2017 Highly 889 Violation of the Act on the Aggravated Punishment, etc. of Specific Crimes (Bodily Injury)

Violation of the Road Traffic Act (Measures Not to be Taken after Accidents)

Defendant

A

Prosecutor

Kim Young-ju (prosecution, public trial), Kim Jung-Jon (public trial)

Defense Counsel

Law Firm B

Attorney C, D

Imposition of Judgment

November 23, 2017

Text

Defendant shall be punished by a fine of KRW 2,000,000.

When the defendant fails to pay the above fine, the defendant shall be confined in a workhouse for the period converted into one day.

Reasons

Criminal facts

The defendant is a person engaging in driving of E-si.

On March 29, 2017, the Defendant driven the above car at around 10:30, and proceeded along the three-lanes of the 2744 and the 3-lane of each salary basin in south-gu Seoul, Gangnam-gu, Seoul. The Defendant driven the above car at around 10:30 and proceeded along the three-lanes of each salary, tunnel, shooting distance, from the breadth of each salary basin.

In such cases, a driver of a motor vehicle has a duty of care to prevent accidents, such as taking a person engaged in driving a motor vehicle into account the front, rear, left, and well, accurately operating the brake and steering gear, etc.

Nevertheless, the Defendant neglected to do so and neglected to do so and led the victim F (the age of 38) who was driving prior to the same room due to the negligence of neglecting it to see the back part of the G G G G G G L L L L L L L L L L L L L L L L L L L L L L L L L L L L L L L L L L L L L L L L L L L L L L L L L L L L L L L L L L L L L L L L L L L L L L L L L L L L L L L L L L L L L L L L L L L L L L L L L L L L L L L L L L L L L L L L L L L L L L L L L L L L L L L L L L L L L L L L L L L L L L L L L L L L L L L L L L L L L L L L L L L L L L L L L L L L L L L L L L L L L L L L L L L L L L L L L L L L L L L L L L L L L L L L L L L L L L L L L L L L L L L L L L L L L L L L L L L L L L L L L L L L L L L L L L L L L L L L L L L L L L L L L L L L L L L L L L L L L L L L L L L L L L L).).).).

Summary of Evidence

1. Partial statement of the defendant;

1. Legal statement of the witness L;

1. Each police interrogation protocol against the accused;

1. Each police statement made to the F, H and J;

1. Statement in the occurrence of a traffic accident by the F, H and J;

1. The actual condition survey report;

1. The driver's license and the driver's license and license holder's license and license holder's license;

Application of Statutes

1. Article relevant to the facts constituting an offense and the selection of punishment;

Each Road Traffic Act (Amended by Act No. 14356, Dec. 2, 2016); Articles 148 and 54(1) of the Road Traffic Act; selection of each fine

2. Competition;

Articles 40 and 50 of the Criminal Act [Punishments imposed on the violation of the Road Traffic Act (Non-accidented Measures) against the victim F with the largest penalty]

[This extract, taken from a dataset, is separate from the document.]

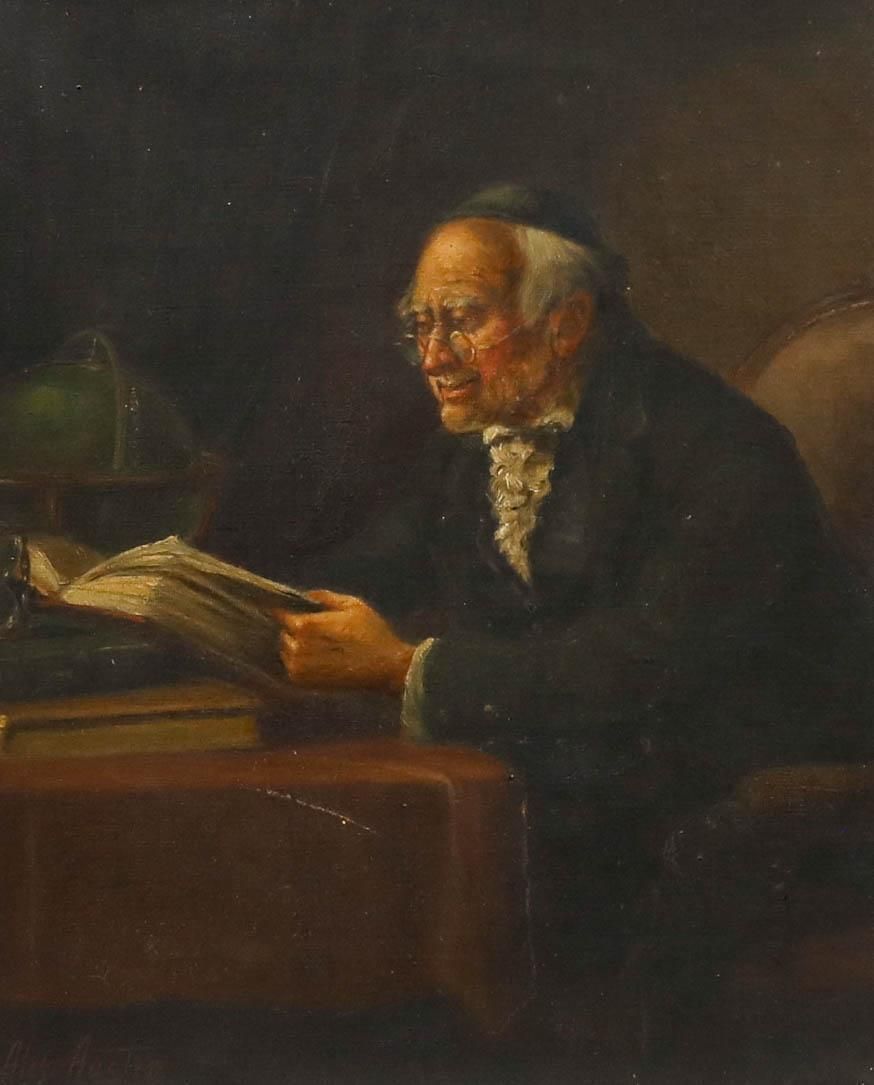 Alex Austin   Early 20th Century Oil, Scholar At His Desk photo furniture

3. Invitation of a workhouse;

Articles 70(1) and 69(2) of the Criminal Act

Judgment on the Defendant and defense counsel's argument

1. Summary of the defendant's defense counsel's assertion

The fact that the accident occurred due to the negligence of the defendant (hereinafter referred to as the "accident of this case") and the fact that the damaged vehicle was damaged due to the accident of this case, but the defendant did not leave the site, and immediately after the accident, the Bosch Rexroth and the police called out and arranged the site, the defendant took all necessary measures required by the Road Traffic Act.

2. Determination

(a) Relevant legal principles;

The purport of Article 54(1) of the Road Traffic Act is to prevent and eliminate traffic risks and obstacles that may occur on roads to ensure safe and smooth traffic flow, not to recover victims’ damage. In such cases, measures to be taken by drivers shall be appropriately taken according to specific circumstances, such as the content of accidents and the degree of damage, etc., and the degree of such measures shall be taken to the extent ordinarily required in light of sound form (see Supreme Court Decision 2009Do787, May 14, 2009). Determination should be based on a comprehensive consideration of (i) the degree of damage caused by a traffic accident; (ii) the degree and degree of damage caused by a traffic accident; (iii) the occurrence of an accident on roads; (iv) the occurrence of an accident at a time and place during which the accident occurred frequently; (iii) whether the victimized vehicle was on board a vehicle; and (vi) whether the accident’s escape and the victim or witness; and (v) whether there was any other danger and injury to traffic.

B. Determination

The following facts and circumstances acknowledged by the evidence duly selected and investigated by the court of this case, namely, ① the victim F's vehicle in the accident of this case was destroyed to the extent of scrapping, and the victim J vehicle was separated from the front driver (No. 6 and 8) and ② the witness L appears to have been in the road to be a considerable amount of fugitives on the road when L was called to the scene (L was called to the scene). The witness testified that "at the scene of the accident, at the scene of the accident, three lanes out of about 20 minutes of the four-lanes road were closed and arranged the scene"; ③ the defendant stopped immediately after the accident, but the vehicle stopped at the scene after the accident, and the degree of destruction of the vehicle was removed from the vehicle, ④ the on-site training site and the witness on the road was called to the scene and the defendant did not have any special reason to view that it was difficult for the defendant to take necessary measures to remove the danger and injury of the vehicle due to the accident.

Reasons for sentencing

1. The scope of punishment by law: Fines of not less than 50,000 won but not more than 1.5 million won;

2. Determination of sentence: Fine of two million won; and

While the Defendant was aware of the occurrence of a traffic accident by his negligence, the Defendant did not make all efforts to prevent traffic hazards. Considering the Defendant’s occupation as a taxi engineer, the possibility of criticism against the Defendant is very high.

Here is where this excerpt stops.